- Born: Emma Lucy Wells 21 November 1854 Nova Scotia
- Died: 1926 Halifax, Nova Scotia
- Occupation: Novelist;
- Spouse: William Dickson

= Emma Lucy Dickson =

Canadian author (1854–1926)

Emma Lucy Dickson (1854–1926) was a Canadian writer who published one novel under the name Stanford Eleveth.

==Life==
Born on 21 November 1854 in Nova Scotia (possibly Truro), she appears to have spent some of her childhood in Maine and Prince Edward Island. Having returned to Nova Scotia after receiving a common school education, in 1882 she married William Dickson, a pattern maker.

==Novel==
In 1895, the Toronto publisher William Briggs released Miss Dexie, a Romance of the Provinces, attributed to Stanford Eleveth but in fact authored by Dickson. The novel was set in areas familiar to Dickson: Halifax, Maine, and Prince Edward Island, and tells the story of the imaginary Miss Dexie (short for Dexter). Gwendolyn Davies, writing in the Dictionary of Canadian Biography, notes similarities with Little Women including the strong-minded female protagonist's androgynous name, the timeframe, an abandoned romance, and the focus on familial support. Dickson incorporated recent developments, such as train travel and modern Victorian kitchens, and local details such as a vivid description of a McDonaldite worship service on Prince Edward Island.

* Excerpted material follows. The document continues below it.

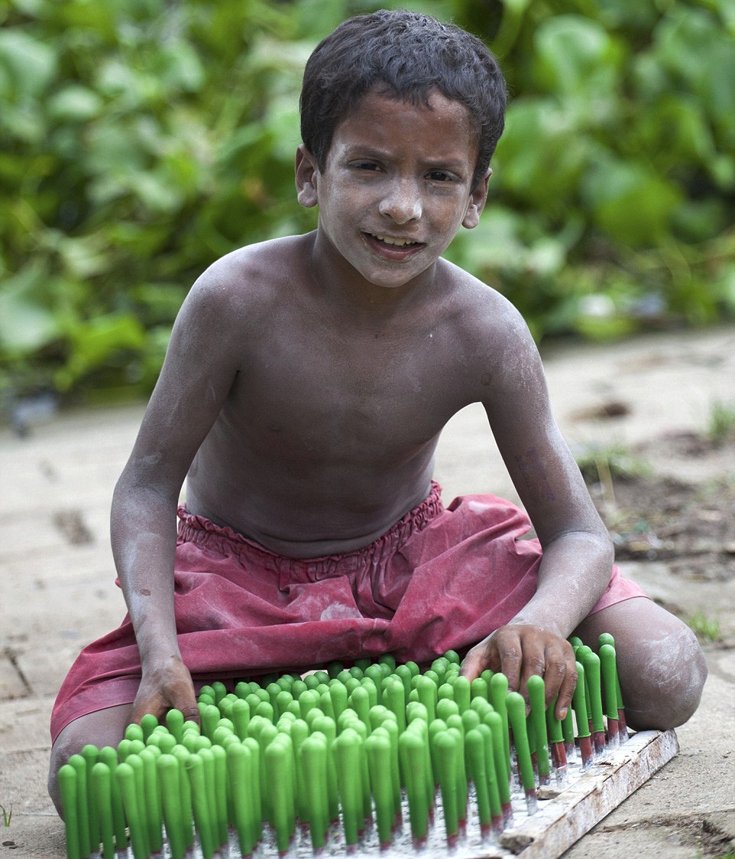 Εργοστάσια μπαλονιών – Εκεί που οι εργάτες είναι πέντε χρονών [εικόνες]  | iefimerida.gr 0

The novel was well received, being reviewed in Toronto's Saturday Night, The Week, and Christian Guardian, the Portland Transcript, the Orillia Packet, and the Halifax Herald. The publisher produced three editions in the first year and continued to issue printings until 1907. Dickson may have also produced some children's books, but she never wrote another novel and largely disappeared from the literary scene after the 1890s.

==Deaths==
Dickson had a daughter who died in childhood in 1897. Her husband died in 1923 and Dickson in 1926, in Halifax.